* _Task item_
Reproduce word for word, from the entries below, the line with "Niki Lauda na", the line with "klidové EKG - software vyhodnocení", and every line between them, and nothing more.

* _Dataset excerpts_

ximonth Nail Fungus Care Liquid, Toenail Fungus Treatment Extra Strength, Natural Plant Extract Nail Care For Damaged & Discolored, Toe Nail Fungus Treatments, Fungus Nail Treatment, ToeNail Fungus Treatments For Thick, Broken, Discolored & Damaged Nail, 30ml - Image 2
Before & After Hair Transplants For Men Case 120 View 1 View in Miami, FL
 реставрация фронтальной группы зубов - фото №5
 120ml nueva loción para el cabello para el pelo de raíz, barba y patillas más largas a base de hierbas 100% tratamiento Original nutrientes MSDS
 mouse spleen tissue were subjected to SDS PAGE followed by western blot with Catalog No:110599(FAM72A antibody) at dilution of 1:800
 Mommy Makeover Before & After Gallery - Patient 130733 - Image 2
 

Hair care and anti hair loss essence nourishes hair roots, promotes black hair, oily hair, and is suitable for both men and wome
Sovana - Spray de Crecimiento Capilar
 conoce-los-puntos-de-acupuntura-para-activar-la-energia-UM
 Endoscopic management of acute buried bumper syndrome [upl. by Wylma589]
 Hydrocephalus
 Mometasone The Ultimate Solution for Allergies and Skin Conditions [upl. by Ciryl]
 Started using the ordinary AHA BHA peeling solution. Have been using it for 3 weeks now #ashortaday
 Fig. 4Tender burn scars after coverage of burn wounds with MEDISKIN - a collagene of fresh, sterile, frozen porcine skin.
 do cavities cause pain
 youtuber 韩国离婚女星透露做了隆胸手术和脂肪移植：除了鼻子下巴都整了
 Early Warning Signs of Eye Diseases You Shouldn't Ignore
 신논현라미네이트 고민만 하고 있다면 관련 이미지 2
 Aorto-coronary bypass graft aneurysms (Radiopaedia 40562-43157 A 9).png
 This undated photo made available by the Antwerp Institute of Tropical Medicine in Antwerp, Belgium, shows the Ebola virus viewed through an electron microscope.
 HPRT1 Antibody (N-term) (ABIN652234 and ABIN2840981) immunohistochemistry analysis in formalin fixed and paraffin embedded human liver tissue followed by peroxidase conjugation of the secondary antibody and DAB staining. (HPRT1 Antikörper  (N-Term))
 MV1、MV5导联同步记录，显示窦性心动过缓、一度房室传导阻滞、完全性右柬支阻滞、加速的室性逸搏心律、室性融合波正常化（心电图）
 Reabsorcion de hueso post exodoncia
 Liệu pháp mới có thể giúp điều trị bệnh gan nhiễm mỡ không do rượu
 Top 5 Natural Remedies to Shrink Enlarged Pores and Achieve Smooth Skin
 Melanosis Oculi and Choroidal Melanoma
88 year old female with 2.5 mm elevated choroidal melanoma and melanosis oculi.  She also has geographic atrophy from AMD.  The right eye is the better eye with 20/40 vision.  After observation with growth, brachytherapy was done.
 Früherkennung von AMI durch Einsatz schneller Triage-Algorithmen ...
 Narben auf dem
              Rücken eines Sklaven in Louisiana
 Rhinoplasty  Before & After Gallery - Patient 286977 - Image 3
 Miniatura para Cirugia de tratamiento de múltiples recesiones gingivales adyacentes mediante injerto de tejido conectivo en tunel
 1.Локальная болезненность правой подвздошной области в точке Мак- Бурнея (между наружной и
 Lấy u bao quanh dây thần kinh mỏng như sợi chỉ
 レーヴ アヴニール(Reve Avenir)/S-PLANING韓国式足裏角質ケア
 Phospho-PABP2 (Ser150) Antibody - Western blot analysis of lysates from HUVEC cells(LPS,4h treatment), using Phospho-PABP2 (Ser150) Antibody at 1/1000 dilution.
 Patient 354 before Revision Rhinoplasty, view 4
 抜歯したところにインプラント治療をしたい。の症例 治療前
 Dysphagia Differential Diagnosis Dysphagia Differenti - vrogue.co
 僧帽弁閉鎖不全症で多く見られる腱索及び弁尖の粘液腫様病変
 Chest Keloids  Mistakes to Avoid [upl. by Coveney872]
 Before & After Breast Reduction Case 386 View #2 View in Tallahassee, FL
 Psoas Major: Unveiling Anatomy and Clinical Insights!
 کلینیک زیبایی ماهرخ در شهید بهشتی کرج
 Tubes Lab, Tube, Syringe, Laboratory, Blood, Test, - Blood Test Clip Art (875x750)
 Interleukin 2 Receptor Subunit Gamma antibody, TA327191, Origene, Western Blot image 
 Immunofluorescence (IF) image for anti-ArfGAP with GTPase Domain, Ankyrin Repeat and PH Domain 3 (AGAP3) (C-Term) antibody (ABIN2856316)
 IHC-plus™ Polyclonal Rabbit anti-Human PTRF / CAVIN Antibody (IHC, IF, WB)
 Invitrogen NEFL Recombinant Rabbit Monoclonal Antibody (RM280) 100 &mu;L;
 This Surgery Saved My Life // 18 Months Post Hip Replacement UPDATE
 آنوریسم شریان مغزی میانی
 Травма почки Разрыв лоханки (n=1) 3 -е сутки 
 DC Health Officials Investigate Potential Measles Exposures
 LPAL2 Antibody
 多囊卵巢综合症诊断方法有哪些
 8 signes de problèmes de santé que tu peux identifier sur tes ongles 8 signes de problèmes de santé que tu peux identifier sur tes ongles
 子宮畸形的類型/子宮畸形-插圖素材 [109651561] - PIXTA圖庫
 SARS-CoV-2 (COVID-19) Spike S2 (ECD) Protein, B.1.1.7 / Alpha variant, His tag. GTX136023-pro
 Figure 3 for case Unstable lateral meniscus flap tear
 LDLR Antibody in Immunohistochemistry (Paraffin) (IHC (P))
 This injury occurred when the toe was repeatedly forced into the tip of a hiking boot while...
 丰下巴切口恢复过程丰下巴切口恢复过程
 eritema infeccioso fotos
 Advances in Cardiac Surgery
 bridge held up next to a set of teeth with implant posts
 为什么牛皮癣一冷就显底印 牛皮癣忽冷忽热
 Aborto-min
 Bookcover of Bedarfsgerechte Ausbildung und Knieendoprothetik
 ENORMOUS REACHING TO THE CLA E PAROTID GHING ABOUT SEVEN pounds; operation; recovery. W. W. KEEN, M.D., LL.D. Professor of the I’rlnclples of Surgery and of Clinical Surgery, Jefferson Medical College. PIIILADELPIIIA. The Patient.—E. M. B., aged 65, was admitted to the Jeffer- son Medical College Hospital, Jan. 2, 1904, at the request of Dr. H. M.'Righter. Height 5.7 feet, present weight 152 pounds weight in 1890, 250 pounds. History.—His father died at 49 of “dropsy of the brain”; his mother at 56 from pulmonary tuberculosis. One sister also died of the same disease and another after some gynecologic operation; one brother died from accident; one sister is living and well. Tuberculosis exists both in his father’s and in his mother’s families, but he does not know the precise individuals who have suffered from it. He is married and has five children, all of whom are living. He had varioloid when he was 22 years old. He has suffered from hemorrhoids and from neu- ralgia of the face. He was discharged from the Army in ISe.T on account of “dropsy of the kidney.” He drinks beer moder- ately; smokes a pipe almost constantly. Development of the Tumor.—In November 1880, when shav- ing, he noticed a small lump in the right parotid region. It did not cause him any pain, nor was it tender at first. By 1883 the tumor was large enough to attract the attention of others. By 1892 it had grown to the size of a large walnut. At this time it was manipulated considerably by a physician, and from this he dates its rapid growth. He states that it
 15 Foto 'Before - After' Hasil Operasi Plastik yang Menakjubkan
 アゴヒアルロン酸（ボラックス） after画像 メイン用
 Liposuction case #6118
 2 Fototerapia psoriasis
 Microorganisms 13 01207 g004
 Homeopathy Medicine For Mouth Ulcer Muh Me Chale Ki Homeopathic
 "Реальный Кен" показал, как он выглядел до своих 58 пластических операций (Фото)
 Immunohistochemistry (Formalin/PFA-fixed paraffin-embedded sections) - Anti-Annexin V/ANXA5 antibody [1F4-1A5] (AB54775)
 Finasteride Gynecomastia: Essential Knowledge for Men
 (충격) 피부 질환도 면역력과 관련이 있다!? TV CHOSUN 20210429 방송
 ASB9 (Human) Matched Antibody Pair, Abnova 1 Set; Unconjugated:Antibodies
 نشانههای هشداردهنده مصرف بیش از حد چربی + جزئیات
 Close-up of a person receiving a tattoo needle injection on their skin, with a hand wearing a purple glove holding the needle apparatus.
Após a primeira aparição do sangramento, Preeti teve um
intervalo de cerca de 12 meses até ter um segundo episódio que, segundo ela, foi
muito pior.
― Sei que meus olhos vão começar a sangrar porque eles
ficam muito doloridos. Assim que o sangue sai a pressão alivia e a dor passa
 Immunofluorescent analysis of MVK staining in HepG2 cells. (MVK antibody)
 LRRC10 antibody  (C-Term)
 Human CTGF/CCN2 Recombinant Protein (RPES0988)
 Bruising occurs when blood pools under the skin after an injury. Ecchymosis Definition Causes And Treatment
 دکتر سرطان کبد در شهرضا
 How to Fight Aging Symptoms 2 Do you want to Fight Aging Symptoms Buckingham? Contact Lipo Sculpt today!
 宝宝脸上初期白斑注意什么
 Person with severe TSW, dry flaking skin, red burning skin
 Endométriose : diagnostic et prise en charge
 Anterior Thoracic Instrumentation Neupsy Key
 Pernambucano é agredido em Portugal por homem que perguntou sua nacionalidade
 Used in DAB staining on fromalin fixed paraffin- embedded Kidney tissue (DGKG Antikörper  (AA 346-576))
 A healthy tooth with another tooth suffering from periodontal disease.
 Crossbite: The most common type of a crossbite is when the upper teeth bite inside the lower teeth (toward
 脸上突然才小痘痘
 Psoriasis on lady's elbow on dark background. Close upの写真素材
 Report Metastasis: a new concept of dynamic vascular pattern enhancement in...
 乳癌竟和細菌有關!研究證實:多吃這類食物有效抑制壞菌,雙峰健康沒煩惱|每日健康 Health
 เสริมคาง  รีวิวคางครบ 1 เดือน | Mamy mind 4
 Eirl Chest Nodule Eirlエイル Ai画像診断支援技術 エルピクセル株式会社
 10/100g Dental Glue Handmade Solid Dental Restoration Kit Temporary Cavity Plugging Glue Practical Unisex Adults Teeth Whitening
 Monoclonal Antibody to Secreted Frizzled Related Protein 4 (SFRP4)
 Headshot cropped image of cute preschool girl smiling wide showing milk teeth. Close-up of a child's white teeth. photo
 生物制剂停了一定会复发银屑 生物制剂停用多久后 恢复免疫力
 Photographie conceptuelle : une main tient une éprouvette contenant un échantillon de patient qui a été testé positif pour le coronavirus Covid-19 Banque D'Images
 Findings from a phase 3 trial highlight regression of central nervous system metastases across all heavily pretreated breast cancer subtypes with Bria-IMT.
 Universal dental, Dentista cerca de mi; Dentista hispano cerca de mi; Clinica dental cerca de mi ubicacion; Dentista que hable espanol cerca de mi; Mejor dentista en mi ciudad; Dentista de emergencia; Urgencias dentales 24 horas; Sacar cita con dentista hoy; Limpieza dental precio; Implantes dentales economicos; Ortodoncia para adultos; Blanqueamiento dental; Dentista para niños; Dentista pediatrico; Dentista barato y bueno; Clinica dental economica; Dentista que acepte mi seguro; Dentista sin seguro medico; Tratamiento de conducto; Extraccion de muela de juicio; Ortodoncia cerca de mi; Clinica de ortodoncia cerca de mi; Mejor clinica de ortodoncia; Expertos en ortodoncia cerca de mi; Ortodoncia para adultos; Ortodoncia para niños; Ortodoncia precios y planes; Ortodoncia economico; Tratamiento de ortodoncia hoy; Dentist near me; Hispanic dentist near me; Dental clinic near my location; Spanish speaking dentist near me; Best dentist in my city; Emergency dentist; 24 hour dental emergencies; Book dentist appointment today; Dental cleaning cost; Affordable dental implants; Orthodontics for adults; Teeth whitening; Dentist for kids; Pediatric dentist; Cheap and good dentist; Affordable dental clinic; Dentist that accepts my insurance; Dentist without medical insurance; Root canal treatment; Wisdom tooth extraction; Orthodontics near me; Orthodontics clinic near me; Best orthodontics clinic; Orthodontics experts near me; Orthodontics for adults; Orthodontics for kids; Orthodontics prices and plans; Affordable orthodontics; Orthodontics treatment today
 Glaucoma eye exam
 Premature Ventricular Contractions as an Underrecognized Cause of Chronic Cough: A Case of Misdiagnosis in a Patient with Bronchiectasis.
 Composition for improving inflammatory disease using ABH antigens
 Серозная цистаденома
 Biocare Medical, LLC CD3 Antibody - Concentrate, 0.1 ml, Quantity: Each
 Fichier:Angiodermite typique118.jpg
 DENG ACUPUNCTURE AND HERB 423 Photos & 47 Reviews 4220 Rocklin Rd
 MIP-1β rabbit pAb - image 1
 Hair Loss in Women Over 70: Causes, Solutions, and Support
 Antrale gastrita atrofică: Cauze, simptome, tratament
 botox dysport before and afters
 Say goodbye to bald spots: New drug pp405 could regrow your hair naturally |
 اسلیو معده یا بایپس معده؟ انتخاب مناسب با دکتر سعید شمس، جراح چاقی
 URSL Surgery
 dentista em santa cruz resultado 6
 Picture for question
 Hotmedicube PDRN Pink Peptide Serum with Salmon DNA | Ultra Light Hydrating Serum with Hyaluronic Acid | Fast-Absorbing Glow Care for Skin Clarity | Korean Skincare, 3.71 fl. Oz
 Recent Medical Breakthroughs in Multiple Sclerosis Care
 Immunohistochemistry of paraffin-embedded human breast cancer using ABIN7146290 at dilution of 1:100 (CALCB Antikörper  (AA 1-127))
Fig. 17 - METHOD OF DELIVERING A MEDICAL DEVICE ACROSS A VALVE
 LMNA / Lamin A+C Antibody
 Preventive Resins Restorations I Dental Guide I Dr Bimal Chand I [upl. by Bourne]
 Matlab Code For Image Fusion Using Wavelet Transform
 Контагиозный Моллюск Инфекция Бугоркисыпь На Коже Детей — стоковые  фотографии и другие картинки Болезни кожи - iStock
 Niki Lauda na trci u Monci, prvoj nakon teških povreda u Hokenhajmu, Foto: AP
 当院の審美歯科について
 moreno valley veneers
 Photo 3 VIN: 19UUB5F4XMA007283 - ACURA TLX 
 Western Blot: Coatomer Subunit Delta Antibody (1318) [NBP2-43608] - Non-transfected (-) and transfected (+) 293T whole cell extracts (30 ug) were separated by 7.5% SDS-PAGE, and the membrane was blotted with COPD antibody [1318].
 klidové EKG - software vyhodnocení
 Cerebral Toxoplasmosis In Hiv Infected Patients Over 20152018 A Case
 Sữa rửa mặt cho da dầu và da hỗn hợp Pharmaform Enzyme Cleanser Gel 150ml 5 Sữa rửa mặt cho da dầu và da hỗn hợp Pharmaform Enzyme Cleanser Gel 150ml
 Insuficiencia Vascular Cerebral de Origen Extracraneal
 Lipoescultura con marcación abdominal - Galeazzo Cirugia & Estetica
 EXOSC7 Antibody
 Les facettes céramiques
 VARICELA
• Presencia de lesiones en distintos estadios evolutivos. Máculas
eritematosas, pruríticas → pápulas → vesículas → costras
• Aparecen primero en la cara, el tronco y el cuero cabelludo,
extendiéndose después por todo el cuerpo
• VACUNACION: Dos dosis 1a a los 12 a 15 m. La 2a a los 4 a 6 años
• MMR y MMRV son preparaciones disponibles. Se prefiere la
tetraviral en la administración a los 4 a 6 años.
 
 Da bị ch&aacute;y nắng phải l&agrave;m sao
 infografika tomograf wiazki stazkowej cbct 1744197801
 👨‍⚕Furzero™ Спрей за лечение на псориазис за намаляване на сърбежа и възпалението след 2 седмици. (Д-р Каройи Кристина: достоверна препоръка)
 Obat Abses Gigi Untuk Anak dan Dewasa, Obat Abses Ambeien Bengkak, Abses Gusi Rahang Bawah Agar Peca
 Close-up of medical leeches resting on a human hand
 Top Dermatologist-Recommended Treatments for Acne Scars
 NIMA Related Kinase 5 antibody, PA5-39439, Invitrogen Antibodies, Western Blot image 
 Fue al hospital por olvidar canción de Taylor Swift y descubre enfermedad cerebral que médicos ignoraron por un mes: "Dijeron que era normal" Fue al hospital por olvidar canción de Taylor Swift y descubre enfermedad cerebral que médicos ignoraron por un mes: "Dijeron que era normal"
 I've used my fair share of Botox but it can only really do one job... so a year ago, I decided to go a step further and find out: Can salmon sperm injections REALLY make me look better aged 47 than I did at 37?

* _Solved exercise_
 Niki Lauda na trci u Monci, prvoj nakon teških povreda u Hokenhajmu, Foto: AP
 当院の審美歯科について
 moreno valley veneers
 Photo 3 VIN: 19UUB5F4XMA007283 - ACURA TLX 
 Western Blot: Coatomer Subunit Delta Antibody (1318) [NBP2-43608] - Non-transfected (-) and transfected (+) 293T whole cell extracts (30 ug) were separated by 7.5% SDS-PAGE, and the membrane was blotted with COPD antibody [1318].
 klidové EKG - software vyhodnocení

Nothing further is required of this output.